Supplied material.
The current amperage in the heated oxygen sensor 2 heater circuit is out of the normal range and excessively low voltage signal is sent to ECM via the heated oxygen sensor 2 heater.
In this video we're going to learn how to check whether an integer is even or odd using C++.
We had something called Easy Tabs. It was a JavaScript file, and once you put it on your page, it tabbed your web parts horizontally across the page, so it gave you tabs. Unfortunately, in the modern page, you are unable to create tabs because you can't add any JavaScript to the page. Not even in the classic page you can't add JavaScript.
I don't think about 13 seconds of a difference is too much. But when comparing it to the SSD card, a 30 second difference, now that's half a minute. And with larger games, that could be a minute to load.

---

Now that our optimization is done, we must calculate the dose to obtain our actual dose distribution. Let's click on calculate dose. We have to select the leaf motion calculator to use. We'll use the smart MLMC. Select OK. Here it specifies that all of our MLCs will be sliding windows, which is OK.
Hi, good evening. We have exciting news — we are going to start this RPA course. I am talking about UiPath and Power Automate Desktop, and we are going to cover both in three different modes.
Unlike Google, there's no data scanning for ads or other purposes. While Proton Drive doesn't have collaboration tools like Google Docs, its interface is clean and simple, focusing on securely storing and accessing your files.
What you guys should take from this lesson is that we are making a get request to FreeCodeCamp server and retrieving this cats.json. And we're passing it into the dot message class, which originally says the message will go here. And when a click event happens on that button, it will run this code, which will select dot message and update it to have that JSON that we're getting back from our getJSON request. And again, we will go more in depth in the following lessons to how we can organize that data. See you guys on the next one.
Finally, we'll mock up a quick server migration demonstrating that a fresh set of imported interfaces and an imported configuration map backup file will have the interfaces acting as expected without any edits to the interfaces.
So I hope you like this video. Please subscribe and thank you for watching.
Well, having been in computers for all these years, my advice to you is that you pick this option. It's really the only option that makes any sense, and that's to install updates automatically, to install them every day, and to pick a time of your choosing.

* * *

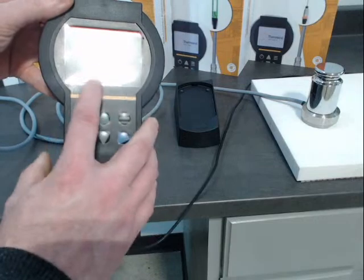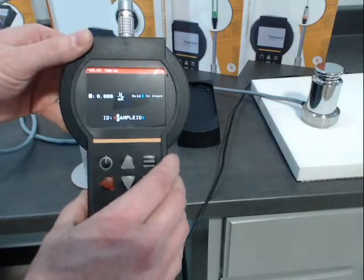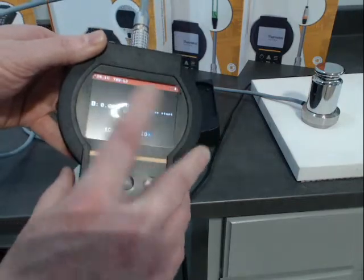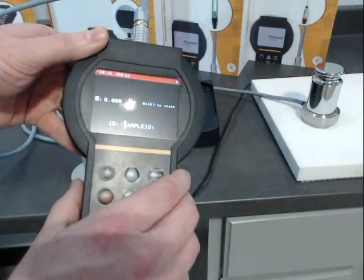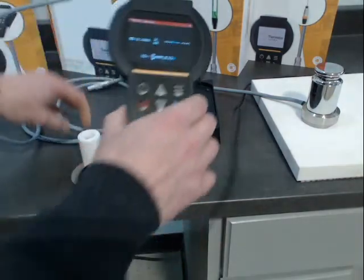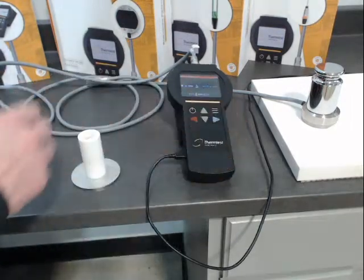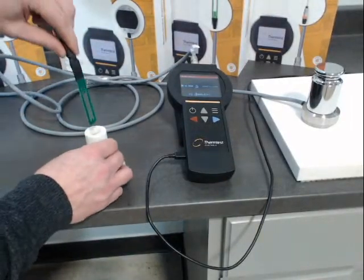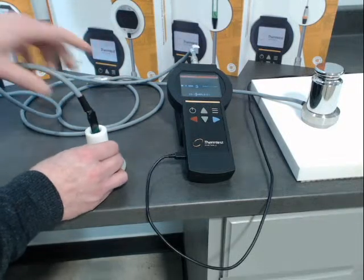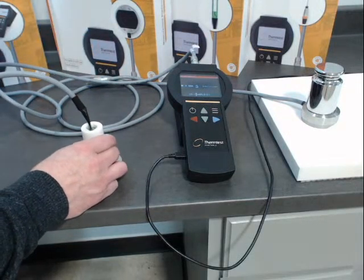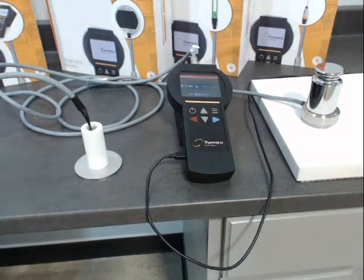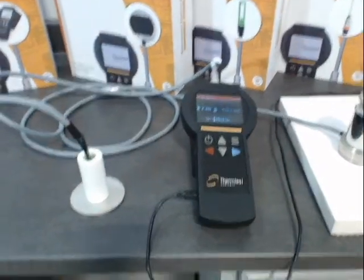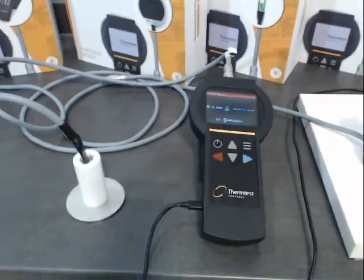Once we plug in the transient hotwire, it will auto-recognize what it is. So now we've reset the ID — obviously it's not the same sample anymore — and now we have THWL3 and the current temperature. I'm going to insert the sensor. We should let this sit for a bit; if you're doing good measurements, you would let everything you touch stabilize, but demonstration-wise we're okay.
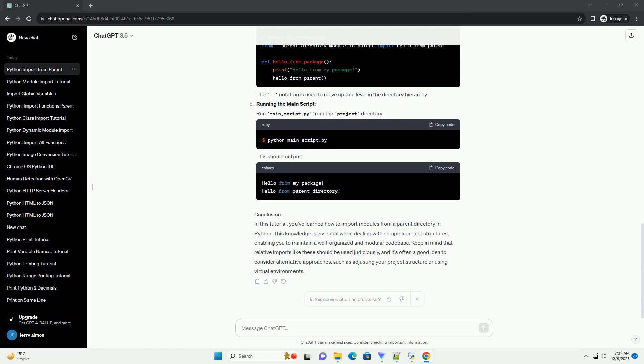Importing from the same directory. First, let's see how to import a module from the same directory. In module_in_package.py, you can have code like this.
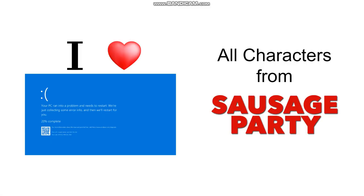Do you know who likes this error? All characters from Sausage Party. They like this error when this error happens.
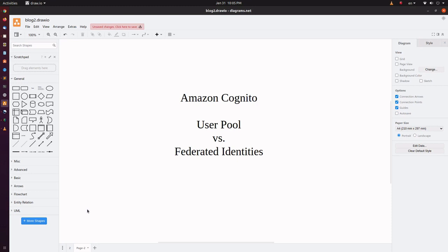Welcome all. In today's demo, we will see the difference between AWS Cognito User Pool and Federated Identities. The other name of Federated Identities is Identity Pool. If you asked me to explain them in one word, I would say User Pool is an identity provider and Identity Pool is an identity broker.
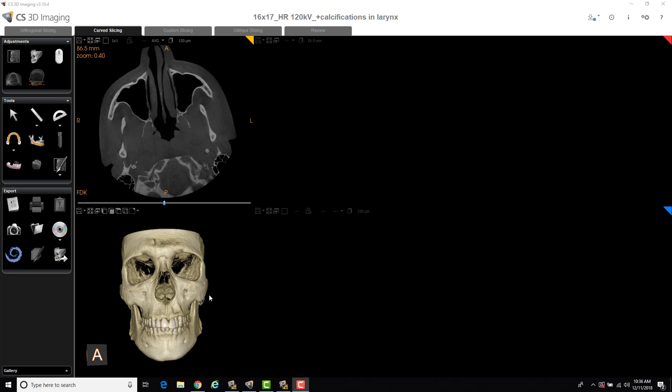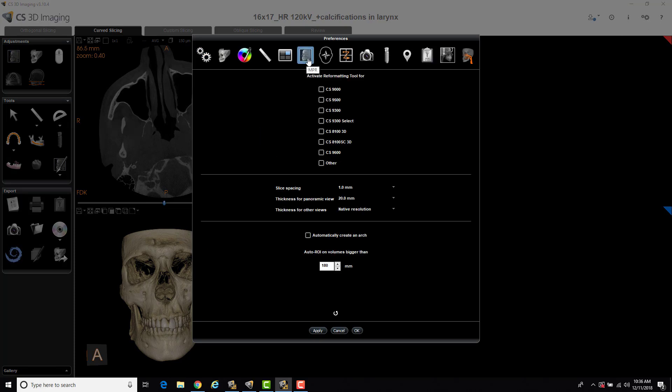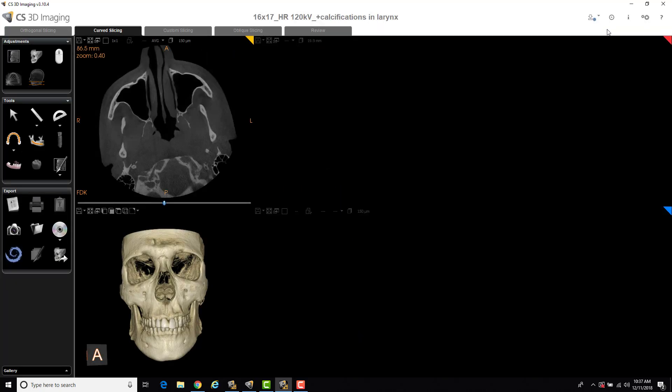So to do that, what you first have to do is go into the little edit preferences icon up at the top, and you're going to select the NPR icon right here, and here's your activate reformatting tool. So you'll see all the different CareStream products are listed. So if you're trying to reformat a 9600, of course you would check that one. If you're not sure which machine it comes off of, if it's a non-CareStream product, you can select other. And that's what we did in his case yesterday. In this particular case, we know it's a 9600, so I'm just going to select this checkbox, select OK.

The task. In the listing above, transcribe exactly everything from the line containing "What you guys" down to the line containing "Well, having been", including both and nothing more.

Response area.
What you guys should take from this lesson is that we are making a get request to FreeCodeCamp server and retrieving this cats.json. And we're passing it into the dot message class, which originally says the message will go here. And when a click event happens on that button, it will run this code, which will select dot message and update it to have that JSON that we're getting back from our getJSON request. And again, we will go more in depth in the following lessons to how we can organize that data. See you guys on the next one.
Finally, we'll mock up a quick server migration demonstrating that a fresh set of imported interfaces and an imported configuration map backup file will have the interfaces acting as expected without any edits to the interfaces.
So I hope you like this video. Please subscribe and thank you for watching.
Well, having been in computers for all these years, my advice to you is that you pick this option. It's really the only option that makes any sense, and that's to install updates automatically, to install them every day, and to pick a time of your choosing.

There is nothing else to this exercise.